#################################################################################################
#
# Copyright (c) 2023 - 2024 NVIDIA CORPORATION & AFFILIATES. All rights reserved.
# SPDX-License-Identifier: BSD-3-Clause
#
# Redistribution and use in source and binary forms, with or without
# modification, are permitted provided that the following conditions are met:
#
# 1. Redistributions of source code must retain the above copyright notice, this
# list of conditions and the following disclaimer.
#
# 2. Redistributions in binary form must reproduce the above copyright notice,
# this list of conditions and the following disclaimer in the documentation
# and/or other materials provided with the distribution.
#
# 3. Neither the name of the copyright holder nor the names of its
# contributors may be used to endorse or promote products derived from
# this software without specific prior written permission.
#
# THIS SOFTWARE IS PROVIDED BY THE COPYRIGHT HOLDERS AND CONTRIBUTORS "AS IS"
# AND ANY EXPRESS OR IMPLIED WARRANTIES, INCLUDING, BUT NOT LIMITED TO, THE
# IMPLIED WARRANTIES OF MERCHANTABILITY AND FITNESS FOR A PARTICULAR PURPOSE ARE
# DISCLAIMED. IN NO EVENT SHALL THE COPYRIGHT HOLDER OR CONTRIBUTORS BE LIABLE
# FOR ANY DIRECT, INDIRECT, INCIDENTAL, SPECIAL, EXEMPLARY, OR CONSEQUENTIAL
# DAMAGES (INCLUDING, BUT NOT LIMITED TO, PROCUREMENT OF SUBSTITUTE GOODS OR
# SERVICES; LOSS OF USE, DATA, OR PROFITS; OR BUSINESS INTERRUPTION) HOWEVER
# CAUSED AND ON ANY THEORY OF LIABILITY, WHETHER IN CONTRACT, STRICT LIABILITY,
# OR TORT (INCLUDING NEGLIGENCE OR OTHERWISE) ARISING IN ANY WAY OUT OF THE USE
# OF THIS SOFTWARE, EVEN IF ADVISED OF THE POSSIBILITY OF SUCH DAMAGE.
#
#################################################################################################

"""
Tests the high-level GEMM interface
"""

from math import ceil
import unittest

import cutlass
import cutlass.utils.datatypes as datatypes
from cutlass.backend.utils.device import device_cc
from utils import ExpectException


class GemmEquivalence:
    """
    Helper class for testing the equivalence of different constructions of the Gemm interface
    """
    def __init__(self, element_A, element_B, element_C, element_D, element_accumulator,
                 layout_A, layout_B, layout_C, alignment_A, alignment_B, alignment_C):
        self.element_A = element_A
        self.element_B = element_B
        self.element_C = element_C
        self.element_D = element_D
        self.element_accumulator = element_accumulator
        self.layout_A = layout_A
        self.layout_B = layout_B
        self.layout_C = layout_C
        self.alignment_A = alignment_A
        self.alignment_B = alignment_B
        self.alignment_C = alignment_C
        self.plan = cutlass.op.Gemm(element_A=element_A, element_B=element_B, element_C=element_C,
                                    element_D=element_D, element_accumulator=element_accumulator,
                                    layout_A=layout_A, layout_B=layout_B, layout_C=layout_C)
        self.op = self.plan.construct(alignment_A=alignment_A, alignment_B=alignment_B, alignment_C=alignment_C)
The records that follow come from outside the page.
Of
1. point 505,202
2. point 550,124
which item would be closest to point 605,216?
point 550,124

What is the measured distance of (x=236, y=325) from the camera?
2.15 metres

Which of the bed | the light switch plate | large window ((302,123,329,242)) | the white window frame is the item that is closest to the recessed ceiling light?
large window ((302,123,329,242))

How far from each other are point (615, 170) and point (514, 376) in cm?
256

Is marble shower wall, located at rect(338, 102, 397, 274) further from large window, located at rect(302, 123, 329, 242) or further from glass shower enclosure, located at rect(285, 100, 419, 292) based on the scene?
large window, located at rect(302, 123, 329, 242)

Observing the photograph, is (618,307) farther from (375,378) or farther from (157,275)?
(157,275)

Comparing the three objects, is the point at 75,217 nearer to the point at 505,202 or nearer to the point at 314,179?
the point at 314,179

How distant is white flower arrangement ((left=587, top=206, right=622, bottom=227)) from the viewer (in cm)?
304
    def _plans_equal(self, other_plan) -> bool:
        """
        Compares whether two plans are equal

        :param other_plan: plan to compare against the default GEMM
        :type other_plan: cutlass.op.Gemm

        :return: whether `other_plan` is equivalent to `self.plan`
        :rtype: bool
        """
        other_op = other_plan.construct(alignment_A=self.alignment_A, alignment_B=self.alignment_B, alignment_C=self.alignment_C)

        # Compare whether the operations are equal by comparing the C++ code that would be emitted for them
        return self.op.rt_module.emit() == other_op.rt_module.emit()
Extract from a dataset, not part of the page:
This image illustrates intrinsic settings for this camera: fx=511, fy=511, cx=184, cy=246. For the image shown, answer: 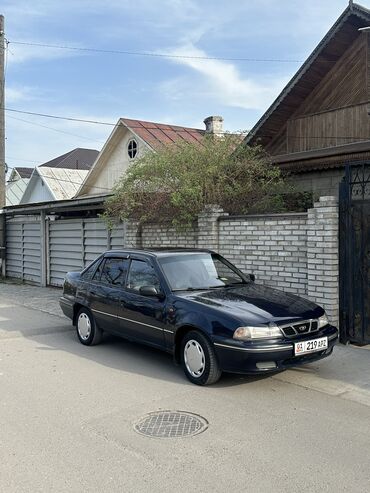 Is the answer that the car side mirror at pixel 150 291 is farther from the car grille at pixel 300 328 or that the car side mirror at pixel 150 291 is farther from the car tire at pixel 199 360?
the car grille at pixel 300 328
    def generic_test(self):
        """
        Tests the equivalence of various constructions of the Gemm interface when using CUTLASS data types
        and layouts for constructing the Gemm interface
        """
        if not datatypes.is_numpy_available():
            return

        # Test when specifying all parameters
        plan_other = cutlass.op.Gemm(element_A=self.element_A, element_B=self.element_B, element_C=self.element_C,
                                  element_D=self.element_D, element_accumulator=self.element_accumulator,
                                  layout_A=self.layout_A, layout_B=self.layout_B, layout_C=self.layout_C)
        assert self._plans_equal(plan_other)
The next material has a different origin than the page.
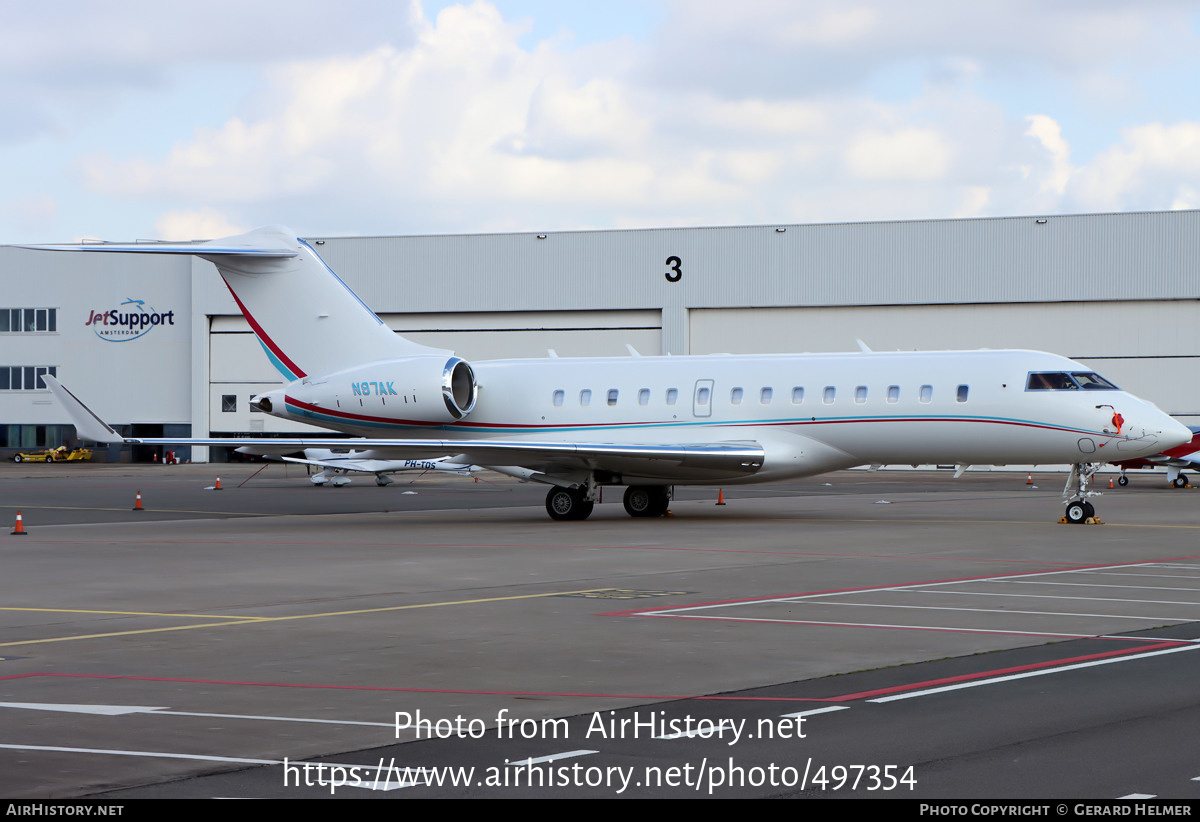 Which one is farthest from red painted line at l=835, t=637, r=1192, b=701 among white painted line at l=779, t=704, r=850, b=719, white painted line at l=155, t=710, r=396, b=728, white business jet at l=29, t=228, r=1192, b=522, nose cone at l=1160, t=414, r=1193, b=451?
white business jet at l=29, t=228, r=1192, b=522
        # Test when specifying all parameters but A
        plan_other = cutlass.op.Gemm(element_B=self.element_B, element_C=self.element_C,
                                  element_D=self.element_D, element_accumulator=self.element_accumulator,
                                  layout_B=self.layout_B, layout_C=self.layout_C,
                                  element=self.element_A, layout=self.layout_A)
        assert self._plans_equal(plan_other)

        # Test when specifying all parameters but A and B as tensors and using generic element and output
        # Only run this test if the layouts and types for A and B are equal.
        if self.element_A == self.element_B and self.layout_A == self.layout_B:
            plan_other = cutlass.op.Gemm(element_C=self.element_C, element_D=self.element_D, element_accumulator=self.element_accumulator,
                                      layout_C=self.layout_C, element=self.element_A, layout=self.layout_A)
            assert self._plans_equal(plan_other)

        # Test without explicit accumulator. Only run if the type of C and the accumulator.
        if self.element_C == self.element_accumulator:
            plan_other = cutlass.op.Gemm(element_A=self.element_A, element_B=self.element_B, element_C=self.element_C,
                                      element_D=self.element_D, layout_A=self.layout_A, layout_B=self.layout_B,
                                      layout_C=self.layout_C)
            assert self._plans_equal(plan_other)

        # Test with only the generic types and layouts. Only run if types and layouts of A, B, C, and D are the same.
        if (self.element_A == self.element_B and self.element_A == self.element_C and self.element_A == self.element_D
            and self.element_A == self.element_accumulator and
            self.layout_A == self.layout_B and self.layout_A == self.layout_C):
            plan_other = cutlass.op.Gemm(element=self.element_A, layout=self.layout_A)
            assert self._plans_equal(plan_other)

    def numpy_test(self):
        """
        Tests the equivalence of various constructions of the Gemm interface when using numpy as a frontend
        """
        if not datatypes.is_numpy_available():
            return

        import numpy as np
        type_A = datatypes.numpy_type(self.element_A)
        type_B = datatypes.numpy_type(self.element_B)
        type_C = datatypes.numpy_type(self.element_C)
        type_D = datatypes.numpy_type(self.element_D)
        type_accum = datatypes.numpy_type(self.element_accumulator)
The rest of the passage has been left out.